§ **WHAT YOU SHOULD DO**
Faithfully repeat all of the records, as they are written below.

§ **EXTRACTED INFORMATION**
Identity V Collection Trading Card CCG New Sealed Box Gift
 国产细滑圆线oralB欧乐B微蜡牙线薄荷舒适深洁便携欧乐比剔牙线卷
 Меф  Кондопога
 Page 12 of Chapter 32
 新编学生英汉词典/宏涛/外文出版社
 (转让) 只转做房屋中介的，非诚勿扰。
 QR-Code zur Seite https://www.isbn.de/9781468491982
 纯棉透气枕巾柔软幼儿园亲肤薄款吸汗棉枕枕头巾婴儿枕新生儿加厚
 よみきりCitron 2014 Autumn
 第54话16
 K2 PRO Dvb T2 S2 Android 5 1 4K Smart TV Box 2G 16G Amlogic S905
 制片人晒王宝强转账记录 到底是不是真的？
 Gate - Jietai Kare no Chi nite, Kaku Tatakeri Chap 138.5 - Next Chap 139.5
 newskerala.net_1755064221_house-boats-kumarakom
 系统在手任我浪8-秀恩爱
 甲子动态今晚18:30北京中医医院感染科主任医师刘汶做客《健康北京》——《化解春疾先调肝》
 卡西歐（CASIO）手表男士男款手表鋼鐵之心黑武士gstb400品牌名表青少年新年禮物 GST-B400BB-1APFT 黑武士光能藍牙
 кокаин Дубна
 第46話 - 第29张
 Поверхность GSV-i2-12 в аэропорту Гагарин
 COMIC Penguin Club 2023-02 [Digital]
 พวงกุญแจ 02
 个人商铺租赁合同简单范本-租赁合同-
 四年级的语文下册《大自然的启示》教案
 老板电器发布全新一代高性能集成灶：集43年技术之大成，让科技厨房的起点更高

§ **ANSWER TO THIS EXERCISE**
Identity V Collection Trading Card CCG New Sealed Box Gift
 国产细滑圆线oralB欧乐B微蜡牙线薄荷舒适深洁便携欧乐比剔牙线卷
 Меф  Кондопога
 Page 12 of Chapter 32
 新编学生英汉词典/宏涛/外文出版社
 (转让) 只转做房屋中介的，非诚勿扰。
 QR-Code zur Seite https://www.isbn.de/9781468491982
 纯棉透气枕巾柔软幼儿园亲肤薄款吸汗棉枕枕头巾婴儿枕新生儿加厚
 よみきりCitron 2014 Autumn
 第54话16
 K2 PRO Dvb T2 S2 Android 5 1 4K Smart TV Box 2G 16G Amlogic S905
 制片人晒王宝强转账记录 到底是不是真的？
 Gate - Jietai Kare no Chi nite, Kaku Tatakeri Chap 138.5 - Next Chap 139.5
 newskerala.net_1755064221_house-boats-kumarakom
 系统在手任我浪8-秀恩爱
 甲子动态今晚18:30北京中医医院感染科主任医师刘汶做客《健康北京》——《化解春疾先调肝》
 卡西歐（CASIO）手表男士男款手表鋼鐵之心黑武士gstb400品牌名表青少年新年禮物 GST-B400BB-1APFT 黑武士光能藍牙
 кокаин Дубна
 第46話 - 第29张
 Поверхность GSV-i2-12 в аэропорту Гагарин
 COMIC Penguin Club 2023-02 [Digital]
 พวงกุญแจ 02
 个人商铺租赁合同简单范本-租赁合同-
 四年级的语文下册《大自然的启示》教案
 老板电器发布全新一代高性能集成灶：集43年技术之大成，让科技厨房的起点更高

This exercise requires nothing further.